SUPPLIED DATA.
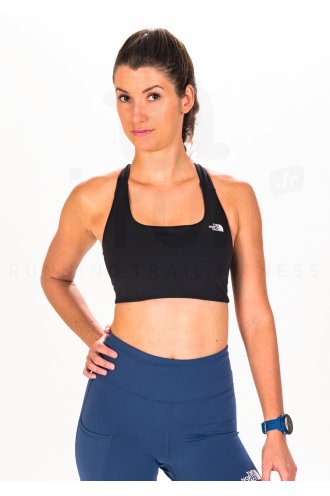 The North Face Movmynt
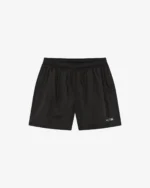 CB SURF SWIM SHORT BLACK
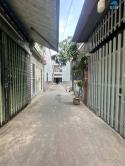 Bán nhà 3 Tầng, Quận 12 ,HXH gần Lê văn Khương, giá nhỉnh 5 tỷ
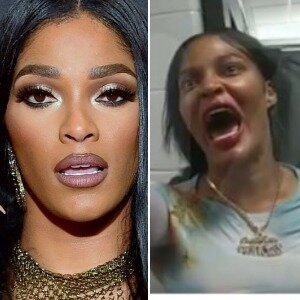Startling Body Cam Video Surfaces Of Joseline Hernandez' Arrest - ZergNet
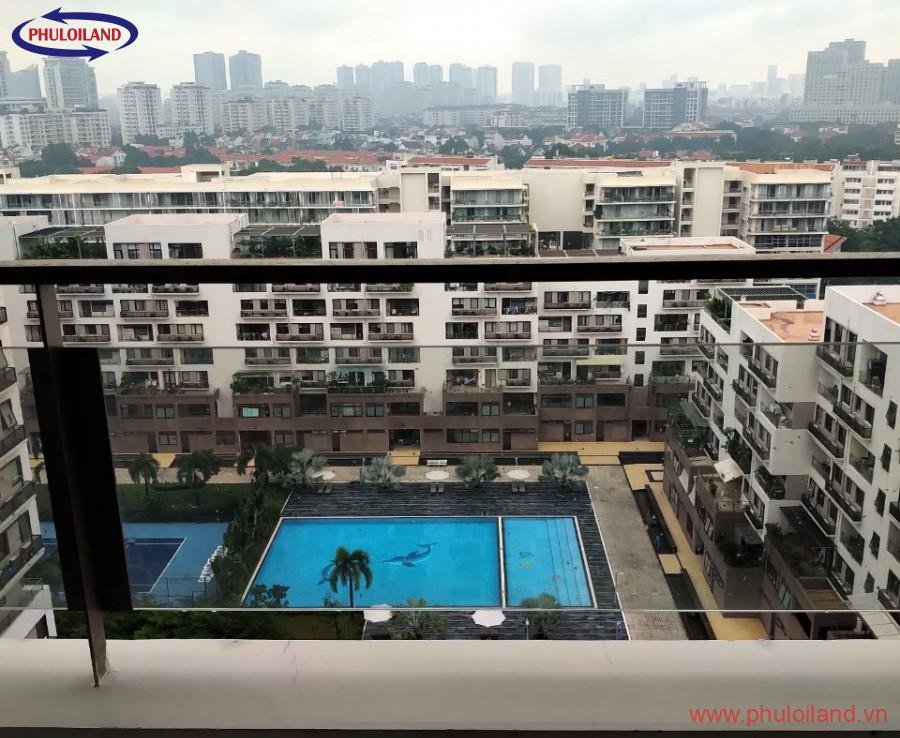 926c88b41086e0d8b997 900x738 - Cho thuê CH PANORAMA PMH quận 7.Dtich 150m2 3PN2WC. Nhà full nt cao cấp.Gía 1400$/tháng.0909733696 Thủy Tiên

ABOUT THIS TASK.
Leaving every picture out, write out exactly the lines from the one that holds "Startling Body Cam" through the end of the listing, both included.

COMPLETED TASK.
Startling Body Cam Video Surfaces Of Joseline Hernandez' Arrest - ZergNet
 926c88b41086e0d8b997 900x738 - Cho thuê CH PANORAMA PMH quận 7.Dtich 150m2 3PN2WC. Nhà full nt cao cấp.Gía 1400$/tháng.0909733696 Thủy Tiên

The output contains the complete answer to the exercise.